Loso, in case you ain’t no so, took a little trip to the Land of Yak to pay a visit to the House of Remy Martin. A walkthrough ensued, where Fab was beat over the head with the finest of spirits education, tasting sessions, and to bring it all home, a fine dinner by the Executive Chef of the Remy Martin Club. I don’t know if this was the precursor to an endorsement deal, or the result of a special request, but none of the hors d’oeuvres I’ve ever had hold a candle to this experience. You too can sell out arenas all over the world, while simultaneously being able to name all the crus of Cognac. I guess I better step up my bars!
“Corporate forces, is runnin’ this rap s**t…Hennessy, is runnin’ this rap s**t…we poke out our asses for a chance to cash in…” — Mos Def, “The Rape Over”

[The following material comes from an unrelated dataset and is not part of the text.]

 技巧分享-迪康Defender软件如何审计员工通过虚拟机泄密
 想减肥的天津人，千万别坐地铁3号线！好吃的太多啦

Some things just don’t get old. Rappers doing tawdry things and conducting tomfoolery while wielding liquor bottles is a combination that has lit up flashbulbs for the past thirty years. Rappers being bought by corporate forces did not begin nor end with MC Hammer doing commercials for KFC’s Popcorn Chicken, and the words of Yaasin Bey still ring true a few years after he aimed at the influence of the “tall Israeli” on hip hop culture.
Has Hennessy Artistry changed the tide? A list of your favorite rapper’s favorite rappers have been seen with them, and if the Trill O.G., Abstract Poetic, Big Illinois, and Illadelph’s finest see no issue or contradiction, I guess we had better roll with the good times and order up a Sidecar or two.
You never know when you’re gonna get a shot of enthusiasm.
It may come in the form of a postcard for a job well done. How many people have luminaries call them a “rock star”?
It also might be through a tweet. How many of your “tweeps” sent a message saying to show you some love on this Follow Friday?
It might be through people responding to a query. We might know a little something about a little bit, but we’ve got to depend on those that have walked this road before — and rejoice that we can call upon them, and that they respond!
We might not have all these people within arms’ length every day; maybe not even often. So, this evening — when you’re sharing a pre-event cocktail with your main damie, allowing some 1738 to relax you after a hard day’s work, or sipping on some of the last Green Label you’ll be able to buy again — think about them for a minute, and toast to their health, wealth, and prosperity, in hopes that you’ll be able to see them again soon to make your glasses go *clink, clink*. Be well and be congenial…
A few spirit-influenced songs for your listening pleasure. Liquor is sometimes a casual mention in rap songs, and these songs hold true to that technique.
Kid Cudi brings his rap-singy style to “Dennis, Hook Me Up With Some More of That Whiskey!”, the shortest title in hip hop history. There’s no mention of who Dennis is, his prowess as a drink-slinger, or what type of whisk(e)y he hooked Cudi up with, but fans of Cudi should still be enthused.
Rapper Action Bronson waxes poetic about the Australian export “Shiraz”. The closest mention to spirits is the lyric, “Aged wine got me spinning like a dreidel,” but brandy or cognac is probably the topic of that line. Maybe A.B. is pushing for more VSOP in the Queens, NYC area?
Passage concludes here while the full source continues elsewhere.